Ela trazia na carga genética a memória de algum traço europeu exteriorizado naqueles olhos verdes sob uma pele morena, um nariz afilado, dentes perfeitos e gestos delicados, enquanto ele era a personificação da simpatia e querido por todos. Não era nenhum Adonis mas nunca se afastara dos esportes e quando se cruzavam nos corredores do hospital onde ambos trabalhavam o ar se enchia de uma carga elétrica pronta para explosão. Alguns colegas afirmavam que mais de uma vez ouviram ruídos estranhos nestas ocasiões. Grunhidos talvez.

Articulações celestiais o colocaram em um leito do CTI em estado muito grave. Por mais de uma vez evoluiu com edema agudo do pulmão, seus rins pararam de funcionar, sua musculatura não respondia aos comandos e seus esfíncteres ignoraram seus deveres e pudores, permitindo expor seus dejetos mais de 30 vezes ao dia.

Quem mais, com paciência angelical, doces palavras de apoio e um olhar que ele jamais pensara poder enxergar nela, estava ali ao lado fazendo seu asseio tantas vezes quanto necessário fosse.

Exatamente aquele conjunto genético híbrido!

Quando de volta às suas atividades, ele a procurou e vaticinou: -“… o que você quiser ou precisar de mim eu faço questão de saber”.

Várias vezes foram vistos juntos no refeitório do hospital conversando ou gargalhando e por vezes sérios apenas trocando figurinhas. Não se passava um dia em que ele não procurasse saber se haveria algo que pudesse ser feito não para agradar aquela santa, mas para aplacar a culpa que frequentemente lhe queimava a alma por ter pensado mal.
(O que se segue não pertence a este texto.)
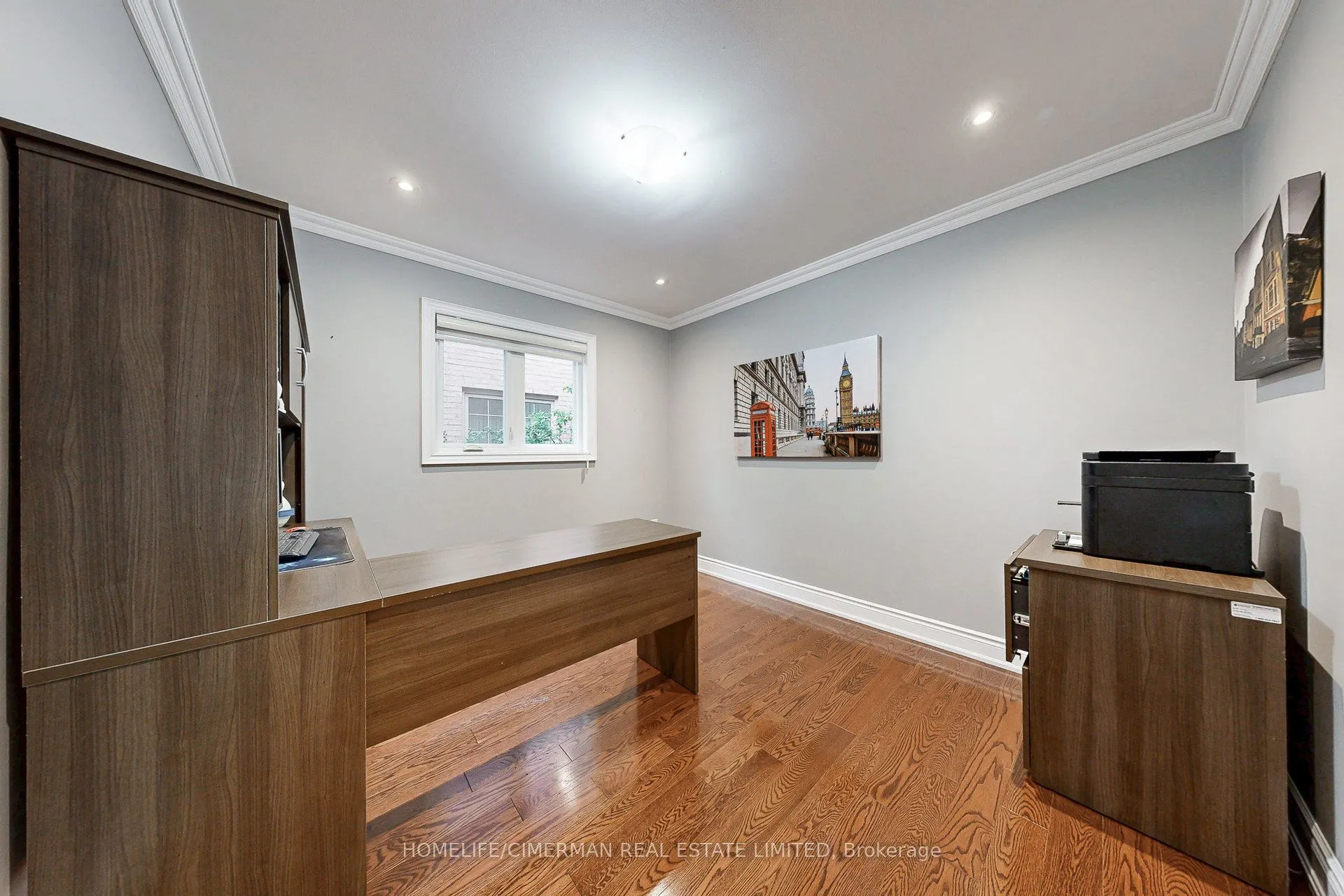 937 Stargazer Drive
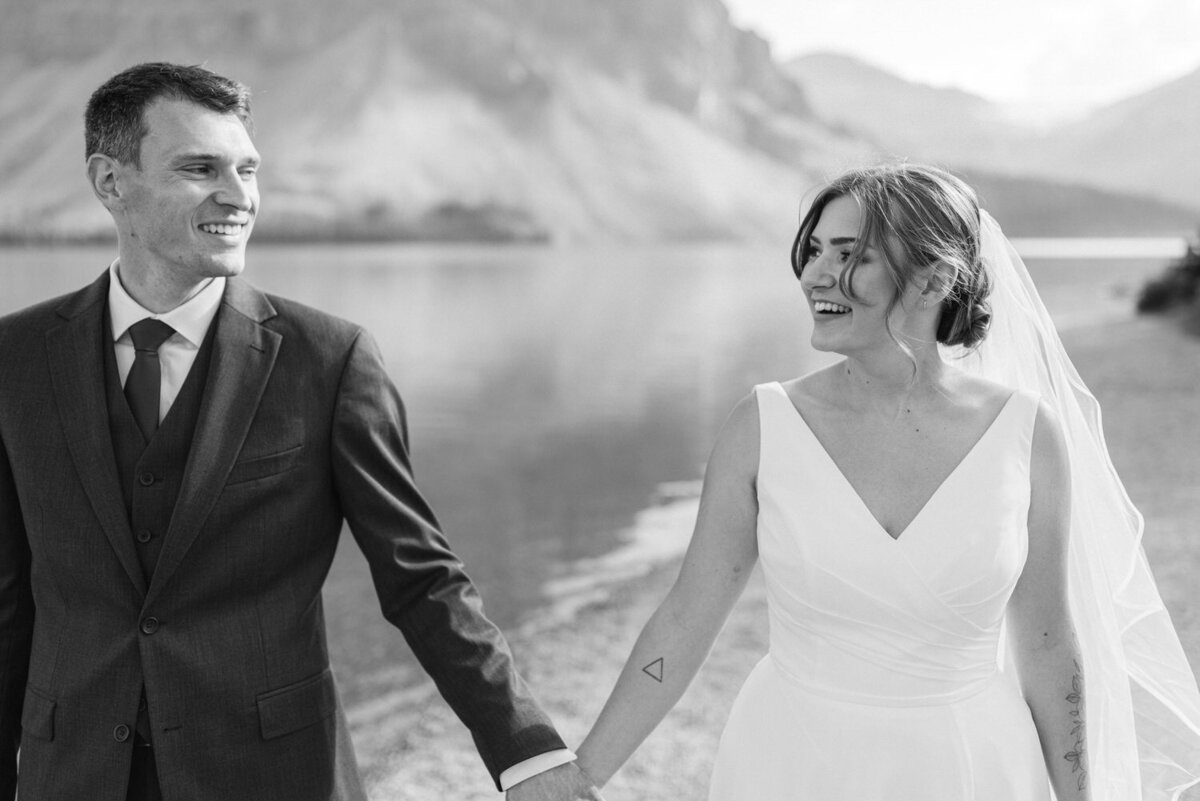 Raluca-Colin-0282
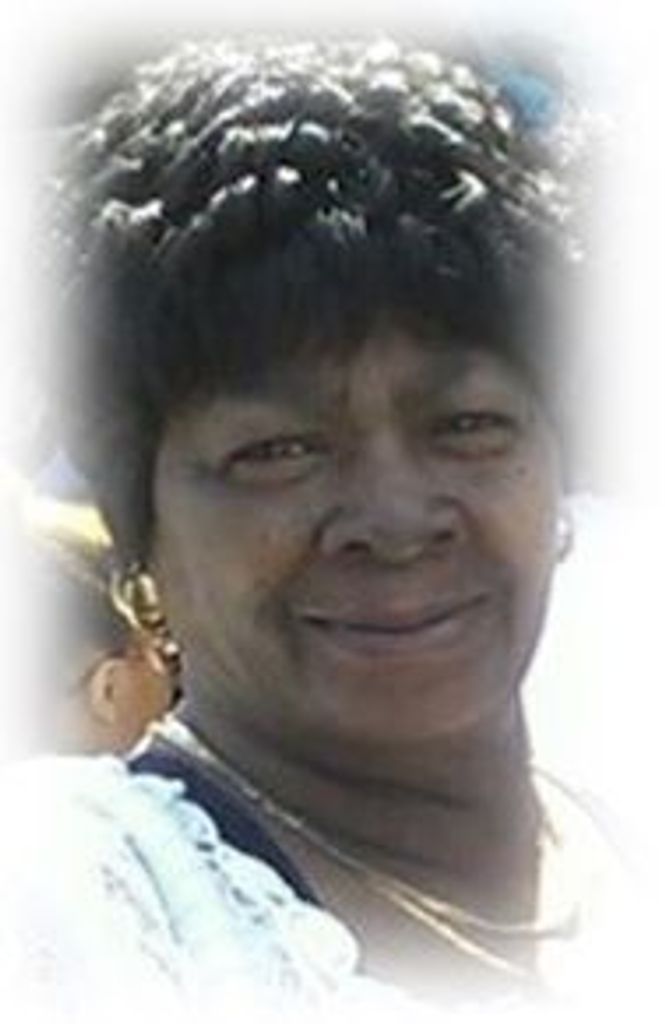 Ms. Lucille Phillips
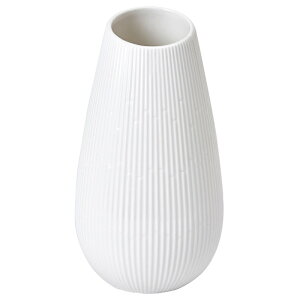 CeA Ԋ ԕr Bien 10.520H zCg 20cm iP332-cc366434-100) isj x[X fBXvC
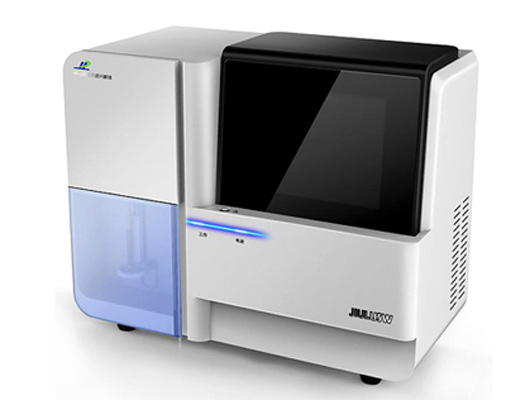 什麽樣的嬰兒需要做五一成人漫画檢查？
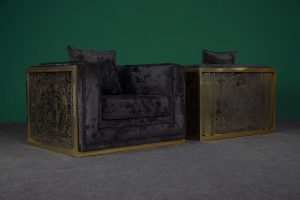 IMG 0346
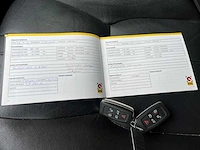 Land rover - discovery - 3.0 sdv6 s - 6-vnf-92 - bedrijfswagen - afbeelding 11 van  20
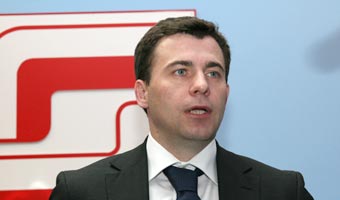 LiD chce abolicji podatkowej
Para o desapontamento dos românticos de plantão, não quis o destino que se consumasse na carne o que havia começado nas garras de um ódio sem sentido. Cada um seguiu seu caminho e nunca mais se viram. Os traços daquele rosto estão gravados em minha memória como se nunca fossem envelhecer. Estou convicto de que cada qual guarda com um carinho especial a lembrança do que poderia ter sido uma grande amizade e respeito ao profissionalismo ou apenas mais um caso médico.

Acho que deveríamos nos dar mais chances para enxergar um amigo no nosso vizinho, porque quem sabe pode ser nosso anjo da guarda.